A l'heure où le jeune Galanis faisait antichambre à l'Assiette au beurre en compagnie de Van Dongen, à l'heure où Picasso vendait ses tableaux dix francs, rue des Martyrs, à un ancien lutteur et Utrillo les siens cent sous seulement place Pigalle, à un ancien boucher, un peintre à peine plus âgé qu'eux, Pierre Girieud, jouissait déjà d'une certaine notoriété. Arrivé de Provence sur l'aile du sirocco, le pétulant Gigi était le meilleur, le plus franc des compagnons. Son atelier de la rue des Saules, à l'ombre même du Lapin Agile, résonnait, jour et nuit d'un joyeux tintamarre. Heureusement, il n'avait d'autres voisins que les morts du cimetière. Ses réveillons étaient célèbres. On y venait de Montparnasse dans des fiacres aux chevaux fourbus, et le maître de maison accueillait, verre en main, des camarades qu'il n'avait jamais vus. Même, une année, deux chinois authentiques, en robe brodée d'or, qui étaient parait-il peintres diplômés de Pékin. Alors que ses camarades ne parvenaient pas à placer leurs œuvres, Girieud exposait déjà chez Druet, qui avait vendu son café restaurant pour ouvrir une galerie, faubourg Saint-Honoré. Le marchand lui versait chaque mois vingt-cinq louis d'or. Comme d'autre part, son père lui payait son loyer et lui envoyait cent francs par mois, Gigi était très riche. Chez Azon, aux Enfants de la Butte, où mangeaient tous les affamés du Bateau Lavoir, il était un des rares à payer et à offrir des tournées, car la bouteille ne lui faisait pas peur. Malgré tout nul ne le jalousait; ce n'était pas encore la mode. Chacun jugeait son succès mérité. Même les cubistes.
Et cependant, son art classique était bien éloigné du leur.

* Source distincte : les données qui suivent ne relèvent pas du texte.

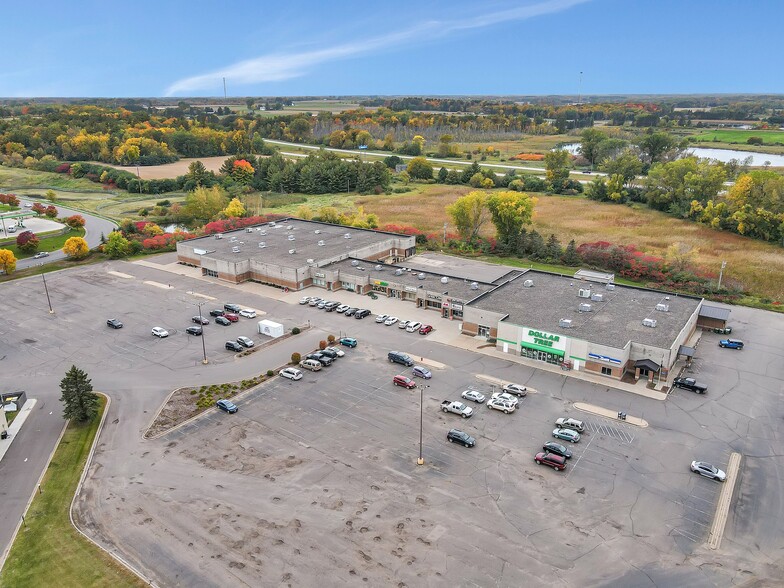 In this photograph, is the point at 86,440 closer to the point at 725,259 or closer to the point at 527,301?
the point at 527,301

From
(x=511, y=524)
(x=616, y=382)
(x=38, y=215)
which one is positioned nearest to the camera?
(x=511, y=524)

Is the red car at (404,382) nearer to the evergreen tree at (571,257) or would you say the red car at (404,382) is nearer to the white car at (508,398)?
the white car at (508,398)

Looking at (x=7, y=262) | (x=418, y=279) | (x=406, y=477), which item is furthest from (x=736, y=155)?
(x=7, y=262)

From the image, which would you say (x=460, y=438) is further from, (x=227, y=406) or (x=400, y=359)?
(x=227, y=406)

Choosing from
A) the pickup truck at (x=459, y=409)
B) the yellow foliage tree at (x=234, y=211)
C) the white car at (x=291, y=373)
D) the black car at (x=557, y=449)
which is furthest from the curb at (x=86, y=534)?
the yellow foliage tree at (x=234, y=211)

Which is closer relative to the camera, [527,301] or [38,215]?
[527,301]

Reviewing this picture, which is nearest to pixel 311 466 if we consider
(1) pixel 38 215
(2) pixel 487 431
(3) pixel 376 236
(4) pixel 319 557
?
(4) pixel 319 557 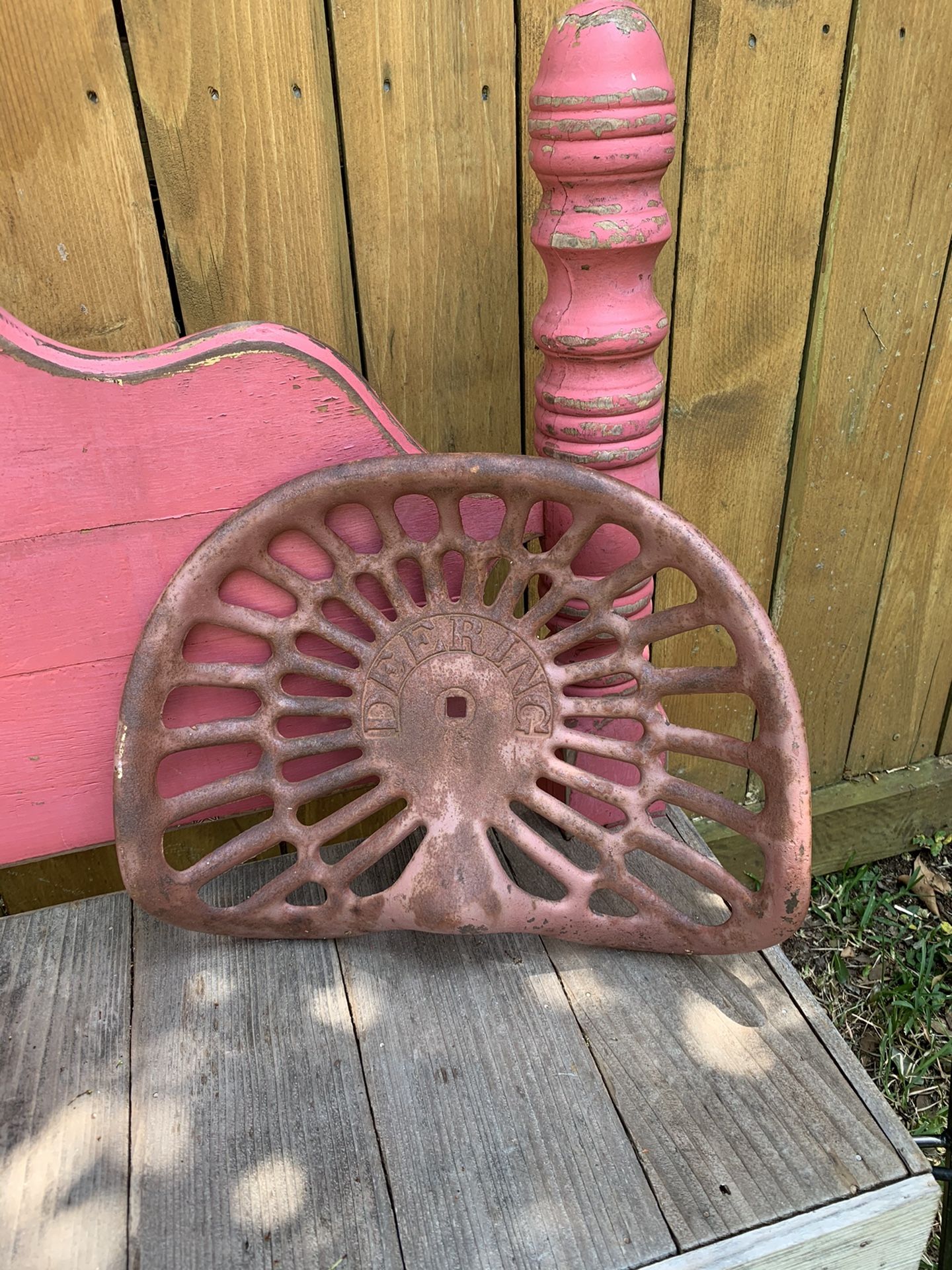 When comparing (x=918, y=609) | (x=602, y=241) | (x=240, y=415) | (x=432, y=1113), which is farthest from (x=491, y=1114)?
(x=918, y=609)

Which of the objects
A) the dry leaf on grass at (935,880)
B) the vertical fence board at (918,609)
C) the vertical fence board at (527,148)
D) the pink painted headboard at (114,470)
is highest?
the vertical fence board at (527,148)

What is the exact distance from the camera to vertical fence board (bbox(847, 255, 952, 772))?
158 cm

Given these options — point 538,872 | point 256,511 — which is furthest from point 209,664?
point 538,872

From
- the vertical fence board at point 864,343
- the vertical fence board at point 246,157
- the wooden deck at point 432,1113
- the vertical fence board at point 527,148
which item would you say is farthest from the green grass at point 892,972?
the vertical fence board at point 246,157

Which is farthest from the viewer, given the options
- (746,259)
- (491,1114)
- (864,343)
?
(864,343)

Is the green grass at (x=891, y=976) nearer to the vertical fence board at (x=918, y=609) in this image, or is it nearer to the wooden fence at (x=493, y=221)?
the vertical fence board at (x=918, y=609)

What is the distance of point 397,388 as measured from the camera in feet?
4.18

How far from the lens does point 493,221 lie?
47.2 inches

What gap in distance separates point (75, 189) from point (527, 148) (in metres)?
0.52

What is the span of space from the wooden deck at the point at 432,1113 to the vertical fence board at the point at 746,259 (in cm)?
74

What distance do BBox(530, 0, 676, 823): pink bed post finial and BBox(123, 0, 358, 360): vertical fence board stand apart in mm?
283

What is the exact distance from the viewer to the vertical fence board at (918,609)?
1582 mm

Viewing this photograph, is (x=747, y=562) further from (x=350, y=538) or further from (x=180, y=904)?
(x=180, y=904)

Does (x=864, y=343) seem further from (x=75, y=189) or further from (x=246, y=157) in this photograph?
(x=75, y=189) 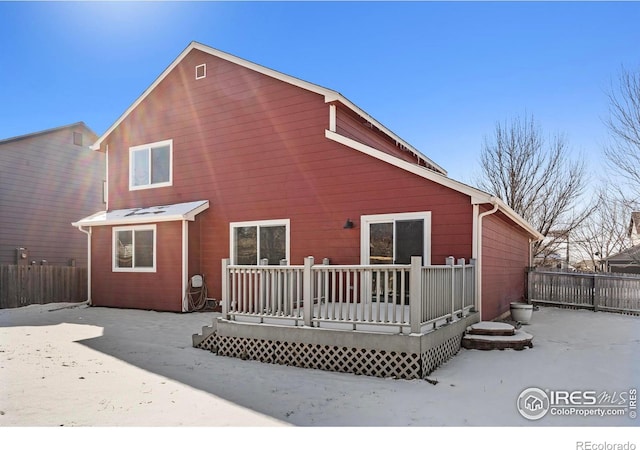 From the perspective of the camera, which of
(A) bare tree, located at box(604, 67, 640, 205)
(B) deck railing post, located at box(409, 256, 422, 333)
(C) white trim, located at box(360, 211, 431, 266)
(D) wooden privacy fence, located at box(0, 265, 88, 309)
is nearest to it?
(B) deck railing post, located at box(409, 256, 422, 333)

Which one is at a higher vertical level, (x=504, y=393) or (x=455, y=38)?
(x=455, y=38)

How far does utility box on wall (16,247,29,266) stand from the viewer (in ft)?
47.5

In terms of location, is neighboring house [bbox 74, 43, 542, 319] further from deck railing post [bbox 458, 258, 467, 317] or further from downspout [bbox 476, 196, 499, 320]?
deck railing post [bbox 458, 258, 467, 317]

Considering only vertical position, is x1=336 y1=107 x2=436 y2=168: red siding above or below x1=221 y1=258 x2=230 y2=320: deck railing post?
above

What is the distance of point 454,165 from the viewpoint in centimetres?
1809

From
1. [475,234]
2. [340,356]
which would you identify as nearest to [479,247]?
[475,234]

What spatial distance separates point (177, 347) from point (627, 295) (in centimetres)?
1209

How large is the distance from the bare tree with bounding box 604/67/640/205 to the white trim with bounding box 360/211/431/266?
7148mm

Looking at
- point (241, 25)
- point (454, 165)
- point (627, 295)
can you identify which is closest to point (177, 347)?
point (241, 25)

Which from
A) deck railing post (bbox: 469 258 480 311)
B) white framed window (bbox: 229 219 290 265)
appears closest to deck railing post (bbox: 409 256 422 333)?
deck railing post (bbox: 469 258 480 311)

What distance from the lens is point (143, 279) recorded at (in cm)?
1138

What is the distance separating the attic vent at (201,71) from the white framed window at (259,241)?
14.1ft

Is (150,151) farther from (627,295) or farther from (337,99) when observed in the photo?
(627,295)

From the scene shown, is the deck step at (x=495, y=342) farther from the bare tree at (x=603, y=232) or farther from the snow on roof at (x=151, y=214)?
the bare tree at (x=603, y=232) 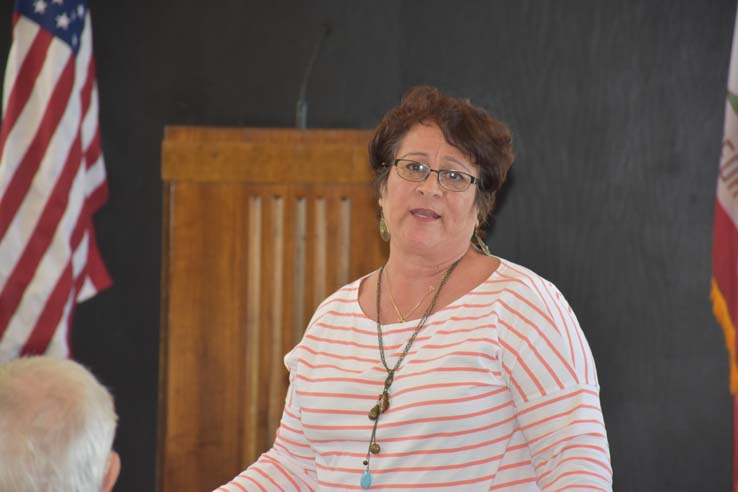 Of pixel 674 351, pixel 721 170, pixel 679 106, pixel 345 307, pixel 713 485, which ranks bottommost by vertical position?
pixel 713 485

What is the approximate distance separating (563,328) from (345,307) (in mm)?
492

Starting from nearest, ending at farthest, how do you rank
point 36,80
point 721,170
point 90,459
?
point 90,459
point 721,170
point 36,80

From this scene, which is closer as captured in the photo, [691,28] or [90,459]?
[90,459]

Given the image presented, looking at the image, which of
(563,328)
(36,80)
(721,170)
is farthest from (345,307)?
(36,80)

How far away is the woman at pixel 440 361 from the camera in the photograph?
1734 millimetres

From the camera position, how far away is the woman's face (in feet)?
6.37

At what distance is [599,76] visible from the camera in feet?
10.7

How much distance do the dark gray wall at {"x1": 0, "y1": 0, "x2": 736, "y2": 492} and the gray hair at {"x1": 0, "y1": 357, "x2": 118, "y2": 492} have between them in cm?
218

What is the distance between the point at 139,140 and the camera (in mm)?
3391

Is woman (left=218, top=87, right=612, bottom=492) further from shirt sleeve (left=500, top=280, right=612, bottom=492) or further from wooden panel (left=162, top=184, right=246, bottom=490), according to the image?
wooden panel (left=162, top=184, right=246, bottom=490)

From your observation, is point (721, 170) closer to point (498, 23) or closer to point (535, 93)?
point (535, 93)

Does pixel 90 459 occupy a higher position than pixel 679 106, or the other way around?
pixel 679 106

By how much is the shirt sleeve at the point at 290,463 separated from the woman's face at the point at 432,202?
0.40 meters

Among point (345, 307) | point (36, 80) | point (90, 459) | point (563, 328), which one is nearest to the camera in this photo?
point (90, 459) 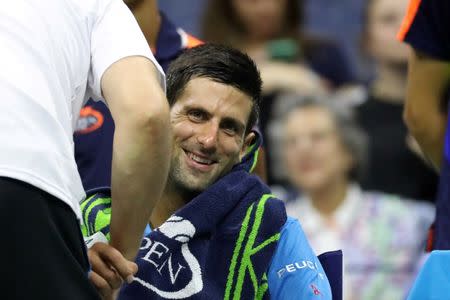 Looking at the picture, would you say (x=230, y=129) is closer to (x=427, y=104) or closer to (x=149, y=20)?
(x=149, y=20)

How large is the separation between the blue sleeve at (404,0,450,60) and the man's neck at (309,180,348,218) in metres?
1.81

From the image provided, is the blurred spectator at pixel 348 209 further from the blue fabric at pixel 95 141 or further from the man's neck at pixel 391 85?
the blue fabric at pixel 95 141

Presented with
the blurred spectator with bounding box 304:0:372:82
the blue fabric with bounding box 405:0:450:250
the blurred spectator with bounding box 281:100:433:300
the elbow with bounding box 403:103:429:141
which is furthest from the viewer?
the blurred spectator with bounding box 304:0:372:82

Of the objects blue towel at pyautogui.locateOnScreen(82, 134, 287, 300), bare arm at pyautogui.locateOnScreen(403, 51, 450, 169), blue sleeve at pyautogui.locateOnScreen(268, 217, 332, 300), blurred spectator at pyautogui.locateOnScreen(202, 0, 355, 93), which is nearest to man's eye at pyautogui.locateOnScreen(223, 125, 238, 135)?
blue towel at pyautogui.locateOnScreen(82, 134, 287, 300)

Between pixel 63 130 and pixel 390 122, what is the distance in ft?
12.8

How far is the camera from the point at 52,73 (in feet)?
8.50

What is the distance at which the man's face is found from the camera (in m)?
3.39

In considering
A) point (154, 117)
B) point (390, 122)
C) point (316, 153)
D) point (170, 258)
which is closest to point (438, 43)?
point (170, 258)

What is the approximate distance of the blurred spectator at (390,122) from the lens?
6156 millimetres

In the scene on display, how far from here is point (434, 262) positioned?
3131 mm

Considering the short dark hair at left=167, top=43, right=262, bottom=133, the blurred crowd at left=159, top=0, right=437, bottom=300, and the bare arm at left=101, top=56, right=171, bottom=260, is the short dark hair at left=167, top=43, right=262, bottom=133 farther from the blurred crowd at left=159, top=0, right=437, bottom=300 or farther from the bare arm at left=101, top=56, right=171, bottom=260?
the blurred crowd at left=159, top=0, right=437, bottom=300

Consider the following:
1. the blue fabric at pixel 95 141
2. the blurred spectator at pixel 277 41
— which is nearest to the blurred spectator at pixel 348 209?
the blurred spectator at pixel 277 41

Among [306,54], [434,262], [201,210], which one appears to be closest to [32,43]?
[201,210]

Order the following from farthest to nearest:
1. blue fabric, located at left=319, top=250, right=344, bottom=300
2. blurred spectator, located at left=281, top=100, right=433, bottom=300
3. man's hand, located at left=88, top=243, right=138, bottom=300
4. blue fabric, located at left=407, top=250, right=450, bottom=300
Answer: blurred spectator, located at left=281, top=100, right=433, bottom=300
blue fabric, located at left=319, top=250, right=344, bottom=300
blue fabric, located at left=407, top=250, right=450, bottom=300
man's hand, located at left=88, top=243, right=138, bottom=300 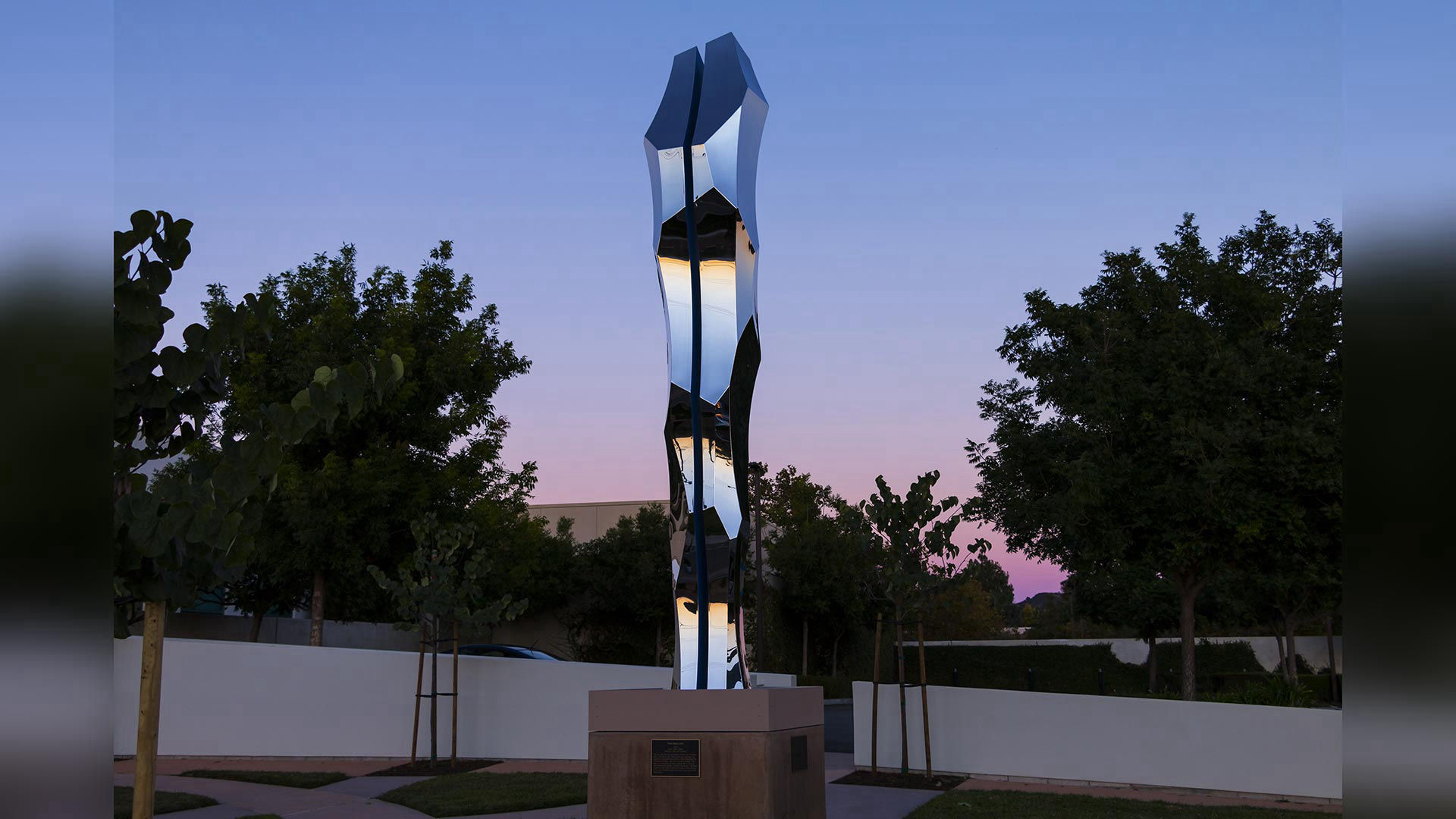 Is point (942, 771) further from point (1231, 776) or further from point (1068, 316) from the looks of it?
point (1068, 316)

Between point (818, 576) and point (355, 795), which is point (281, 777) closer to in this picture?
point (355, 795)

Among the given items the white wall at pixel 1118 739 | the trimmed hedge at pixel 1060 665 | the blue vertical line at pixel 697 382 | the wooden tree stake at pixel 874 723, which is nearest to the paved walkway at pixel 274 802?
the blue vertical line at pixel 697 382

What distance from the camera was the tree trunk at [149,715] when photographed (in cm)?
396

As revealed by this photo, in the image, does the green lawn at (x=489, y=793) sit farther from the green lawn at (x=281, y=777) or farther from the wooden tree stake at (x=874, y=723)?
the wooden tree stake at (x=874, y=723)

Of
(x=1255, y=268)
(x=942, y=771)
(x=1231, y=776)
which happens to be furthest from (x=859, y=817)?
(x=1255, y=268)

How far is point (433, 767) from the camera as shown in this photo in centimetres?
1611

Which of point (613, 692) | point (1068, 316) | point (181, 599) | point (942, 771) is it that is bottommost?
point (942, 771)

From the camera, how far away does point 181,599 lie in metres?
4.45

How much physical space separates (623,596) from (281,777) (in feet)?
72.7

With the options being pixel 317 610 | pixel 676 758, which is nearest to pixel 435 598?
pixel 317 610

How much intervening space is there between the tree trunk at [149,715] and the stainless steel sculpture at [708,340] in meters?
4.36

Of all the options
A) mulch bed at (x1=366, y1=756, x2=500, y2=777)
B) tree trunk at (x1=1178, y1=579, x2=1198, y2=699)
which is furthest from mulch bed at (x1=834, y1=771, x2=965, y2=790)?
tree trunk at (x1=1178, y1=579, x2=1198, y2=699)

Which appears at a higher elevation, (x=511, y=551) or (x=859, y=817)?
(x=511, y=551)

Ce classicisme, il est vrai, n'était pas dépourvu d'audace. Ayant rêvé de peindre une Tentation de Saint Antoine, - car les sujets religieux ou mythologiques avaient sa préférence - il représente le saint impudiquement nu devant une croix, entouré de personnages barbus que leurs chasubles, leurs mitres et leurs crosses d'or désignaient comme des prélats. Druet qui comptait en Russie de riches amateurs, pensa qu'une oeuvre de ce caractère se vendrait mieux la-bas et l'expédia à Moscou. Sans qu'on sût pourquoi, il avait eu l'idée baroque d'intituler ce tableau les Iconoclastes. Le terme épouvanta les fonctionnaires tsaristes. Briseurs d'images? Briseur d’icônes? C'était une provocation! D'autant plus évidente que les personnages ressemblaient à des archimandrites et que la scène se déroulait devant une basilique de style byzantin.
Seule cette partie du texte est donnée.